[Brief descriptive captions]
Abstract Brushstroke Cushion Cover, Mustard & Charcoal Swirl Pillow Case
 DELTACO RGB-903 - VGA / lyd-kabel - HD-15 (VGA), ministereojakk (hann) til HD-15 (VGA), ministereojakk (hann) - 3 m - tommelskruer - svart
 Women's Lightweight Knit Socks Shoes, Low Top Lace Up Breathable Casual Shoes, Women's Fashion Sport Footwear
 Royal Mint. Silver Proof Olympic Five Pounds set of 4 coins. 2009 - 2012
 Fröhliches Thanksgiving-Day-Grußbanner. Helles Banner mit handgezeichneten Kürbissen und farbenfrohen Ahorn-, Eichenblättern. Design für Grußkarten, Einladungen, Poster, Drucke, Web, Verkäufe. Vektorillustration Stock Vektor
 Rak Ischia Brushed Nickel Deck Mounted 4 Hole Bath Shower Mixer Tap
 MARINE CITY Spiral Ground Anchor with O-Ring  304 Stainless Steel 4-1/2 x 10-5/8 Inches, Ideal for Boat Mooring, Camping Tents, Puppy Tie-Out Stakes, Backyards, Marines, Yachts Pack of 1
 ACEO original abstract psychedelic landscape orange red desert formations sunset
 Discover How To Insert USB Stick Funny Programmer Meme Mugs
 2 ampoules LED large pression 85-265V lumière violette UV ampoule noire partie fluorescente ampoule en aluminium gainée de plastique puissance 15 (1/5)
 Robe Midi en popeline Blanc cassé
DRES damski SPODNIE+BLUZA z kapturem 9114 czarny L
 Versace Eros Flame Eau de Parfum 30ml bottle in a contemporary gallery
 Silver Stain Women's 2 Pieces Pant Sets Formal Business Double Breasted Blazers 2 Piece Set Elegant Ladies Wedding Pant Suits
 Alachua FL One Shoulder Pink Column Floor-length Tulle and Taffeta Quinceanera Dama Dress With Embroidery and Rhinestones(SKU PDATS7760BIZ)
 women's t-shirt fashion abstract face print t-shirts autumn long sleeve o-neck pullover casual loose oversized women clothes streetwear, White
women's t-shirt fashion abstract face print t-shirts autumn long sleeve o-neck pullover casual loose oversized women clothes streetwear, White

Work item
All lines with the word "neck" must be located in the data and copied.

Result of this task
 women's t-shirt fashion abstract face print t-shirts autumn long sleeve o-neck pullover casual loose oversized women clothes streetwear, White
women's t-shirt fashion abstract face print t-shirts autumn long sleeve o-neck pullover casual loose oversized women clothes streetwear, White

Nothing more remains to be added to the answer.